The motor was a stroker 20v yes in a leon cupra r.
Beach Buggy K16 clipped turbined hybrid, 2283 compressor I think.. Might have been dans 7+7 2283 version.. memory fades
Ported turbine outlet
largeport cyl head
relentless v3, 3" downpipe..
wmi with 80% mix from memory, single nozzle, D03 I think.
28psi boost from onset to 7krpm
pump fuel, that being uk 99 octane

egts were nutts.... relentless not a manifold to support that level without disassembling itself in short manner..


----------



## Marcus_Aurelius (Mar 1, 2012)

badger5 said:


> The motor was a stroker 20v yes in a leon cupra r.
> Beach Buggy K16 clipped turbined hybrid, 2283 compressor I think.. Might have been dans 7+7 2283 version.. memory fades
> Ported turbine outlet
> largeport cyl head
> ...



Ahh OK, that's the one I thought these numbers were from. Being on a stroked bottom, big port head, and having EGT through the roof definitely shows the potential, but makes the numbers a one hit wonder since that could never be sustained with any sort of reliability.


----------



## suffocatemymind (Dec 10, 2007)

Twopnt016v said:


> Small port head is where its at. Loose too much low end torque on a BIGPORT(been there done that). Max can speak for himself but he autoX his car and needs gobs of torque on demand.
> 
> Madmax is his old name here on Vortex. Max takes Evo diverter valves and modifies(crushes and drills) them and it has been dubbed the Madmax DV by the rest of us. I run on and it is awesome:thumbup:. He runs two on his set-up...


Love my MMDV :thumbup: :thumbup:

Max - better injectors are in the cards, no? These and wideband...ahh!


----------



## Marcus_Aurelius (Mar 1, 2012)

suffocatemymind said:


> Love my MMDV :thumbup: :thumbup:
> 
> Max - better injectors are in the cards, no? These and wideband...ahh!

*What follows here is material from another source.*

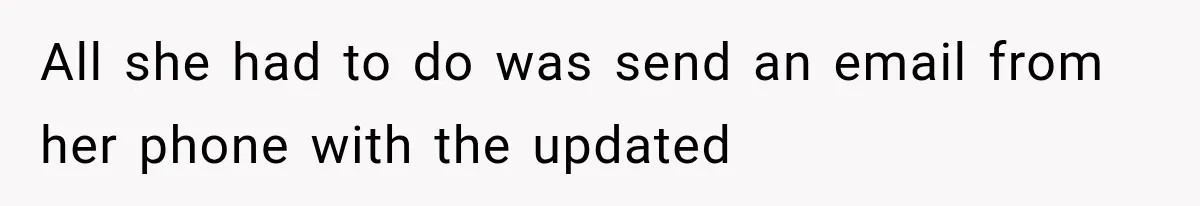 All she had to do was send an email from her phone with the updated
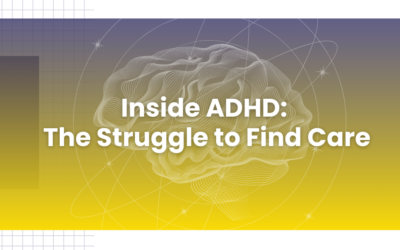 Inside ADHD: The Struggle to Find Care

Yeah, I plan on upgrading to newer 1000's at some point. With that said, my IDC have not gone past 85% at 3bar. This was not something I expected and thought they would get maxed out, but they didn't. :what:

The NB ECU is already out of the car and a wideband one on the way from Gonzo. I never had a problem with tuning the NB, and as you can tell made power with it. With a Maf to monitor airflow, I always got perfect consistent AFR curves. The only reason I'm switching is because I'm getting tired of fixing broken Innovate components (mainly gauges) and wanted to integrate lambda monitoring to my VCDS logging.
*
Injector period graphed in red with a 3 bar FPR = 16ms @ 6440 which is 85% IDC (Not great, but something that could worked with still) 
*


----------



## Miguel_s# (Mar 28, 2014)

greatest hybrid engine in the street, no doubts.....
can show maf and timing from the dyno


----------



## badger5 (Nov 17, 2003)

Marcus_Aurelius said:


> Ahh OK, that's the one I thought these numbers were from. Being on a stroked bottom, big port head, and having EGT through the roof definitely shows the potential, but makes the numbers a one hit wonder since that could never be sustained with any sort of reliability.


pump fuel.

egts were high becuase of relentless.
chinafold very different... and significantly lower


----------



## 18T_BT (Sep 15, 2005)

Nice numbers Max :thumbup:


----------



## OrangeDUB (Sep 18, 2006)

So will the gttx be avail for longitudinal?


----------



## [email protected] Performance (Jul 20, 2011)

OrangeDUB said:


> So will the gttx be avail for longitudinal?


Get me 5 people that want it together and I'll make it happen :thumbup:


----------



## OrangeDUB (Sep 18, 2006)

[email protected] Performance said:


> Get me 5 people that want it together and I'll make it happen :thumbup:


Well then I will see what I can stir up!


----------



## badger5 (Nov 17, 2003)

OrangeDUB said:


> So will the gttx be avail for longitudinal?


suitable high flowing (Reliable) exhaust manifolds usually the sticking point on them... as well as std hotsides being smaller than their transverse cousins which does'nt help matters


----------



## badger5 (Nov 17, 2003)

whats the best wmi configuration in your experience max?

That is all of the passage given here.